### Source records

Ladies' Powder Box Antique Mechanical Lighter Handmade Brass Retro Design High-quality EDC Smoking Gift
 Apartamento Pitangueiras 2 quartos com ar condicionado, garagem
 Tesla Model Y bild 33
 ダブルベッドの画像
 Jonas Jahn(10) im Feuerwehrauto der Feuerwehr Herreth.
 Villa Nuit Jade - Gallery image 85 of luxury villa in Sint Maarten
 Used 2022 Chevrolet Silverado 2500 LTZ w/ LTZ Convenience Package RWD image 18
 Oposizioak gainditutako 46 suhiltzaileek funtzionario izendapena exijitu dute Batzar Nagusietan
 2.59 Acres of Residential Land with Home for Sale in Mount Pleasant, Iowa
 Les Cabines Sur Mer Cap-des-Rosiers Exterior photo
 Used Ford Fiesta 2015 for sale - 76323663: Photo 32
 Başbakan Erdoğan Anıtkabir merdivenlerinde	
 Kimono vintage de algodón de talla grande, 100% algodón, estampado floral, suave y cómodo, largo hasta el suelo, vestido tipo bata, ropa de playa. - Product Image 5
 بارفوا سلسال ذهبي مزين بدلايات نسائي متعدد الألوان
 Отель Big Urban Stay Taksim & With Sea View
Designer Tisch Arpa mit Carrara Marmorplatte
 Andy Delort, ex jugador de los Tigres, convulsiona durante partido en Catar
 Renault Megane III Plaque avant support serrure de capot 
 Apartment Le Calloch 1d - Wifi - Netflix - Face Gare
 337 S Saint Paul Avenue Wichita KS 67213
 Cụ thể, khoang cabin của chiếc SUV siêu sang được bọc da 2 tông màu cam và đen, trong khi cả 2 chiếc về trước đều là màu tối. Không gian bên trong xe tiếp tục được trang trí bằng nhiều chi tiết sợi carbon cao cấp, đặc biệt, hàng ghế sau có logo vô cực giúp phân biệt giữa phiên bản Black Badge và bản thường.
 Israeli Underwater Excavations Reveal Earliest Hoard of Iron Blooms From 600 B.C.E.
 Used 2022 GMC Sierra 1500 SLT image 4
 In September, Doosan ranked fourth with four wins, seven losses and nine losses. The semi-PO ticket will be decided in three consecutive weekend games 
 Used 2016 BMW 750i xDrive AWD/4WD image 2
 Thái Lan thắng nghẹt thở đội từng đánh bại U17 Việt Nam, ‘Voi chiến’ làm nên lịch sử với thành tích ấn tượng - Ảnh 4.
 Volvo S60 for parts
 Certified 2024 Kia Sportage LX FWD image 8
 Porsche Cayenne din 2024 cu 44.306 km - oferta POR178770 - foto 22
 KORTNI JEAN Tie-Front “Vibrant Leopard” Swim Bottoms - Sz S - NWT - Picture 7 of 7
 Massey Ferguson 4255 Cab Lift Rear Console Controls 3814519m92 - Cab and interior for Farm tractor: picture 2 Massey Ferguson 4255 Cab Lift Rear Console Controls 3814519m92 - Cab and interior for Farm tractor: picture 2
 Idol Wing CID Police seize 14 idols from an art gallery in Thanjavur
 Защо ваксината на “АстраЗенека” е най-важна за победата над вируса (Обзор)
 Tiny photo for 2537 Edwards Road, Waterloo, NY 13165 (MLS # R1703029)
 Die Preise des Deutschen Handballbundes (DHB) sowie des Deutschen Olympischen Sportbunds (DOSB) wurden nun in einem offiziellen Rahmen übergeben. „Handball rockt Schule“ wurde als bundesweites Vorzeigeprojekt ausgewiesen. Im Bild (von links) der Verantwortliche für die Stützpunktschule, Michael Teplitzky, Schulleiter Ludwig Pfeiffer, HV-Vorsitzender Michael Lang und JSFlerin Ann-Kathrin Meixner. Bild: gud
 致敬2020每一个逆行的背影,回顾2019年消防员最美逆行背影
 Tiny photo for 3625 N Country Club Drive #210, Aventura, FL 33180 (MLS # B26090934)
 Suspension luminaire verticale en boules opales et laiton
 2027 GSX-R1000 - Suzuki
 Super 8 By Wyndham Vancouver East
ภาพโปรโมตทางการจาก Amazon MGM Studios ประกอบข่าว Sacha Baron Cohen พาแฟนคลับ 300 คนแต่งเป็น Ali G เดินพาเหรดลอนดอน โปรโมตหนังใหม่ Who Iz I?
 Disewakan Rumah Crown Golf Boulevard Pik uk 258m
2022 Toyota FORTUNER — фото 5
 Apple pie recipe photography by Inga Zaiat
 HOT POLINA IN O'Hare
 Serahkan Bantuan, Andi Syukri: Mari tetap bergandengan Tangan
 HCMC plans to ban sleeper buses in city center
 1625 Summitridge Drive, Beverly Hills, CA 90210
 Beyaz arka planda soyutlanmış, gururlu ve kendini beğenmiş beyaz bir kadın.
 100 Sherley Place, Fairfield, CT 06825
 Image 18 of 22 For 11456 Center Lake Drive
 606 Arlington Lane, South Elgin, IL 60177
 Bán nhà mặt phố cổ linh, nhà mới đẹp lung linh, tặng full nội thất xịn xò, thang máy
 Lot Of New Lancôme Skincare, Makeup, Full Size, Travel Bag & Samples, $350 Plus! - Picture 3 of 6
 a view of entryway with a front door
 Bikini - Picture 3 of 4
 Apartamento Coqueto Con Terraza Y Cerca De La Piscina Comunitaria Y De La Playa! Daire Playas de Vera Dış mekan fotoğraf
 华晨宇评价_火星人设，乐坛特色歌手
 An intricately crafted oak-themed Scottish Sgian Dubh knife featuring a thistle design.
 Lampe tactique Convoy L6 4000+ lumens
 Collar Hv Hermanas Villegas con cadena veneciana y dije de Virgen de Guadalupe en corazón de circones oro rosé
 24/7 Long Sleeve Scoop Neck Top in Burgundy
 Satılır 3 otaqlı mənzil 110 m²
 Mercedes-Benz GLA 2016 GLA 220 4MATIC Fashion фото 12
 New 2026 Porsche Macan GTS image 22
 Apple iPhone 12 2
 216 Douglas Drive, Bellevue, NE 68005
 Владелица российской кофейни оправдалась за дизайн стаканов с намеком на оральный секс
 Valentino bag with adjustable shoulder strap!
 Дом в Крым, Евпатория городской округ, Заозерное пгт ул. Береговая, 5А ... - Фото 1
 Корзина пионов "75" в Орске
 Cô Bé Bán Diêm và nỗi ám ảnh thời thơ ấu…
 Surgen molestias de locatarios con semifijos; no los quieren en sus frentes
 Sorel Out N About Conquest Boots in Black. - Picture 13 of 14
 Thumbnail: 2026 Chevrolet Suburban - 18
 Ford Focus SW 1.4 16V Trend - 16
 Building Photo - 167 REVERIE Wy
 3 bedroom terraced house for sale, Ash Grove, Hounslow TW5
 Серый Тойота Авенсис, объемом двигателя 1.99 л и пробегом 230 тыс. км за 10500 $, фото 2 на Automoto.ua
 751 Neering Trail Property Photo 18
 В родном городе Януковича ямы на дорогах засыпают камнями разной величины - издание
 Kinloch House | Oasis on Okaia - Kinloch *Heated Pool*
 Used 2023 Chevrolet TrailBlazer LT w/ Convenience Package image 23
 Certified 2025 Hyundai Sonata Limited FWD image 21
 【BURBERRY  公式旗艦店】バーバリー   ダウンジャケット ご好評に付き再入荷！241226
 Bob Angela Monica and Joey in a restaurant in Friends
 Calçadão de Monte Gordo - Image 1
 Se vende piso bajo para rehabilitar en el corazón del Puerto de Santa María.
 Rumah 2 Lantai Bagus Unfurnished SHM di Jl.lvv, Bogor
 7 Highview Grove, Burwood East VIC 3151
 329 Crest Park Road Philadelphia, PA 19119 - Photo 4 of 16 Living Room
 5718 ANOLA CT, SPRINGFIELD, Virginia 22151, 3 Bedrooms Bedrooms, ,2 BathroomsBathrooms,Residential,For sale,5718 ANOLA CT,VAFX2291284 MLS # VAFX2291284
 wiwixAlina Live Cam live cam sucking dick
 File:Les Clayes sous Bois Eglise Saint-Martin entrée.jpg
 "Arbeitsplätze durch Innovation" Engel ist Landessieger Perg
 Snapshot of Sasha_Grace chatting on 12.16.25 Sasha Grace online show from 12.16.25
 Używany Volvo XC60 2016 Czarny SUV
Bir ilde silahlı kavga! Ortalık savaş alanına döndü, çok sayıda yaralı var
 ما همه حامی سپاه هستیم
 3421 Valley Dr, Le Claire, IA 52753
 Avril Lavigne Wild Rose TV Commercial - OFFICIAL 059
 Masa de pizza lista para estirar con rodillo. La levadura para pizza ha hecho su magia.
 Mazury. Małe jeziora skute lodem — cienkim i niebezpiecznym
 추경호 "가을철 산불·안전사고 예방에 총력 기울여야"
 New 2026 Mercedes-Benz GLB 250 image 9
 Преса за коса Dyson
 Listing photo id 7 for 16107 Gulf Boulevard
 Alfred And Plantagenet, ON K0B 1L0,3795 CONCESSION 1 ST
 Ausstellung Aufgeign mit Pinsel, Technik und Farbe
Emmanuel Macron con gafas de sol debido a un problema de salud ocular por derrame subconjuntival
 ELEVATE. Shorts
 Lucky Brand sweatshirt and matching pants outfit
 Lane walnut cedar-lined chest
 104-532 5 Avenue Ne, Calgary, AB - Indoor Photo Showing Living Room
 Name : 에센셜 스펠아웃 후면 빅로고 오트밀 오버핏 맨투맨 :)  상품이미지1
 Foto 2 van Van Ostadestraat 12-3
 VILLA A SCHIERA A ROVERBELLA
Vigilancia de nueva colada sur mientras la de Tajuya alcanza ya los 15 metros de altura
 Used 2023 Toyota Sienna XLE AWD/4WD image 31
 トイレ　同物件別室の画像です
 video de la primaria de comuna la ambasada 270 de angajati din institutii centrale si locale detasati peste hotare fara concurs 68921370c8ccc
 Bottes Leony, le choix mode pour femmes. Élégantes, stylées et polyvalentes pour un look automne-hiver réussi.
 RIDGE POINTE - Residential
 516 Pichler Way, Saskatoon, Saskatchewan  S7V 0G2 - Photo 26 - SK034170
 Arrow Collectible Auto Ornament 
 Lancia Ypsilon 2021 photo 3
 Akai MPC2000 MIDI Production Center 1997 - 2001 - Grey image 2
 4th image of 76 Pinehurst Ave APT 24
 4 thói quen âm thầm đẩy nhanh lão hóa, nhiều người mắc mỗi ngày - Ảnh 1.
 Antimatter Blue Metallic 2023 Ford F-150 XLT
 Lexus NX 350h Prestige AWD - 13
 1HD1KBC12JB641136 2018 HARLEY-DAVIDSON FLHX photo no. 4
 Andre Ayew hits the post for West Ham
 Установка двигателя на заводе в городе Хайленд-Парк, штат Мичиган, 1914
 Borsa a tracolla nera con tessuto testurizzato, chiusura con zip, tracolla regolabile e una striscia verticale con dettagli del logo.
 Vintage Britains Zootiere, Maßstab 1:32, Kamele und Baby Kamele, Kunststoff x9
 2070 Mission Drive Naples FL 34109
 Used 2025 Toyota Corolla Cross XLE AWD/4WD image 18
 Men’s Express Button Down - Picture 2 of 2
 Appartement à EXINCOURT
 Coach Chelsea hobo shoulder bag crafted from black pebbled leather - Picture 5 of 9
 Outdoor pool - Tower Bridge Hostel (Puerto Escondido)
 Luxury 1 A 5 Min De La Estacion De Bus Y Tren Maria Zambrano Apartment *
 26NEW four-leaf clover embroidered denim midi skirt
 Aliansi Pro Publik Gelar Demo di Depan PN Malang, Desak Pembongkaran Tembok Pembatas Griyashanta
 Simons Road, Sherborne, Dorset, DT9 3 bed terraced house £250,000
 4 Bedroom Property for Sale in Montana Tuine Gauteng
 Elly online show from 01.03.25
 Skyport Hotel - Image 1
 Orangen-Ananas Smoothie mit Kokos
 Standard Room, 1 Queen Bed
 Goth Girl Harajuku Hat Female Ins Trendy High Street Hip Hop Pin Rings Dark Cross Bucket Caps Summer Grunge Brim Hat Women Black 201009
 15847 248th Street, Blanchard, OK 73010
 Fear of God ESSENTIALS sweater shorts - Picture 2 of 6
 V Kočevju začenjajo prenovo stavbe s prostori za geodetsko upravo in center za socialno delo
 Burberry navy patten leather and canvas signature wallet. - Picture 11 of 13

### Activity
Look back at the entries above and repeat, unchanged, every line from the line holding "4 thói quen" through the line holding "Установка двигателя на".

### Task answer
 4 thói quen âm thầm đẩy nhanh lão hóa, nhiều người mắc mỗi ngày - Ảnh 1.
 Antimatter Blue Metallic 2023 Ford F-150 XLT
 Lexus NX 350h Prestige AWD - 13
 1HD1KBC12JB641136 2018 HARLEY-DAVIDSON FLHX photo no. 4
 Andre Ayew hits the post for West Ham
 Установка двигателя на заводе в городе Хайленд-Парк, штат Мичиган, 1914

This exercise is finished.